So, as we prepare to graduate and walk through those gates one final time as students, let us choose our weapons wisely. Let Courage be our defense against cowardice, Hope our defense against despair, Compassion our defense against destruction.
Let’s choose Love as our ultimate defense against fear, because in the face of fear, lies the golden opportunity to shift the narrative by being someone who is willing to walk a six-year-old to a safe place, through a hole in a chain-link fence.…
Photograph by Jim Harrison
Graduate English orator Walter Edward Smelt III, M.T.S. ’17, gave an address that was seemingly about his love of books and libraries. But he took a different direction, toward a larger meaning—and along the way drew upon a source that might seem subversive in an age of immigration bans and border walls. An excerpt:
[S]ome problems just come with being human, and they need to be confronted again by each generation. No new technology, no printing press or app, is going to settle the problem of greed, or death, or hate. And at the Divinity School, we think about these problems, and about how people have dealt with them through the ages, and how to do what right we can in the face of all that’s wrong.
As it happens, that reminds me of a line from Rumi. “Sell your cleverness and buy bewilderment.” Harvard graduates will change the world, one way or another, because we’re clever. But we must be more than that. We must be willing to become bewildered: neither approaching a problem arrogantly, sure that we already know the answer, nor throwing up our hands and walking away. Becoming bewildered means admitting some problems don’t have quick fixes. It means learning from mistakes, learning from the other, learning what it is we can’t learn.

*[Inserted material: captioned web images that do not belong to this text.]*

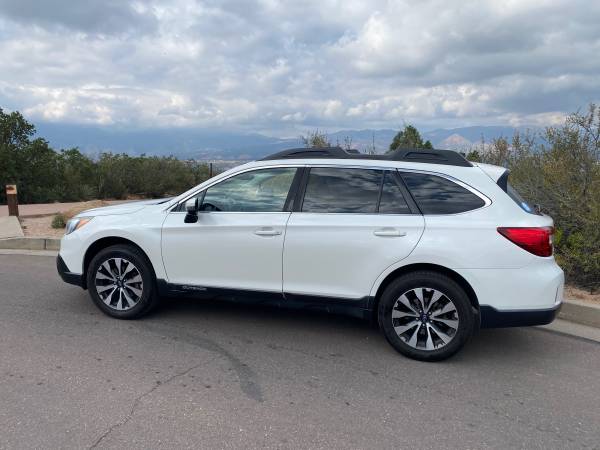 2017 Subaru Outback Limited for sale in Colorado Springs, CO – photo 2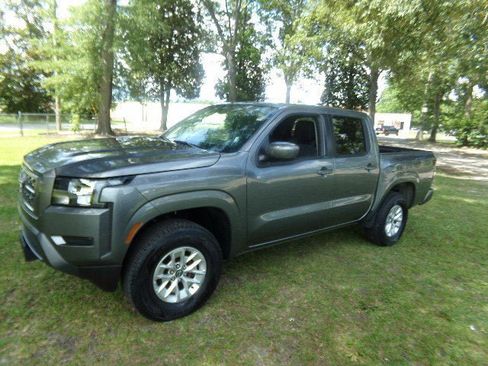 Used 2024 Nissan Frontier SV image 2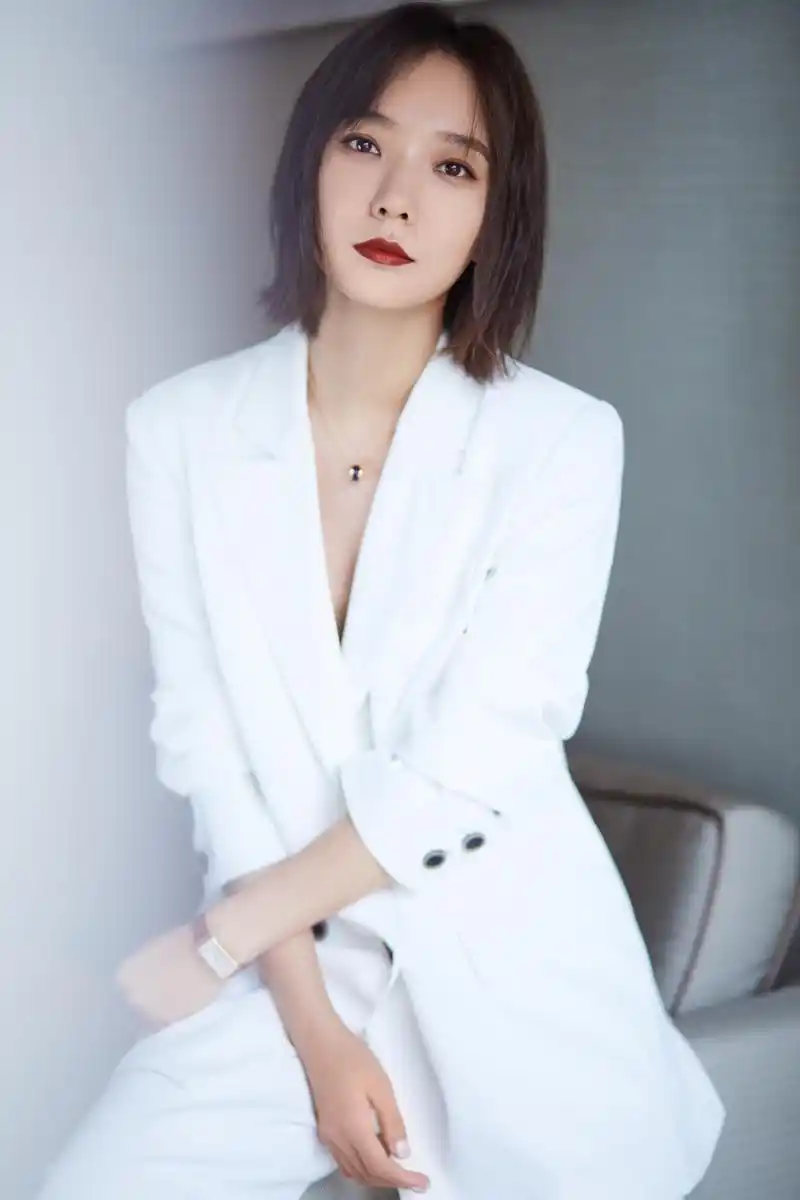 王珞丹一袭干练白色西服套装亮相《被光抓走的人》「爱情验证」主题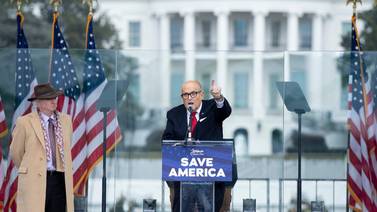 Rudy Giuliani, exabogado de Donald Trump, denuncia una ‘farsa’ tras ser fichado en Georgia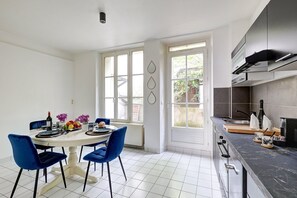 Frigorífico, microondas, horno y cafetera o tetera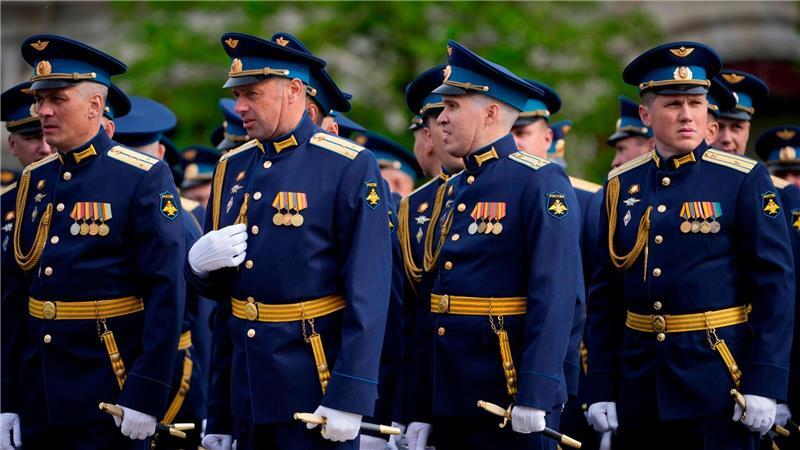 Die Militärparade fällt im Vergleich zu den vergangenen Jahren deutlich kleiner aus.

And those are things Rumi can teach us about. Rumi, an immigrant from what is now Afghanistan to what is now Turkey, an immigrant from the thirteenth century to our own, a Muslim mystic. Rumi has something immensely valuable to tell us, but we have to listen really hard for it, with humility, and for the rest of our lives.
…[A]fter a few years here, I’m sure you’ll agree that knowledge is hard. But wisdom is even harder. We’ll need both…because this world is complex and contradictory, and if we’re not bewildered sometimes, we’re doing it wrong. But we’ll go forth anyway, to change the world and also to be changed by it, to write our own books. Those books may be made of paper or published digitally, or…may simply be the legacy of the acts that make up a life. Regardless of their form, your books will be good books if you are willing to be bewildered, if you take on this messy, tragic, lovely world and confront its problems in good faith.
Photograph by Jim Harrison
In her Commencement afternoon remarks, President Drew Faust talked about free speech. She was mindful that “recently, we can see here at Harvard how our inattentiveness to the power and appeal of conservative voices left much of our community astonished—blindsided by the outcome of last fall’s election. We must work to ensure that universities do not become bubbles isolated from the concerns and discourse of the society that surrounds them.” But she was also concerned about other aspects of speech on the contemporary campus. An excerpt:
Campus conflicts over invited speakers are hardly new.
Yet the vehemence with which these issues have been debated in recent months not just on campuses but in the broader public sphere suggests there is something distinctive about this moment. Certainly these controversies reflect a highly polarized political and social environment—perhaps the most divisive since the era of the Civil War. And…free-speech debates have provided a fertile substrate into which anger and disagreement could be planted to nourish partisan outrage and generate media clickbait. But that is only a partial explanation.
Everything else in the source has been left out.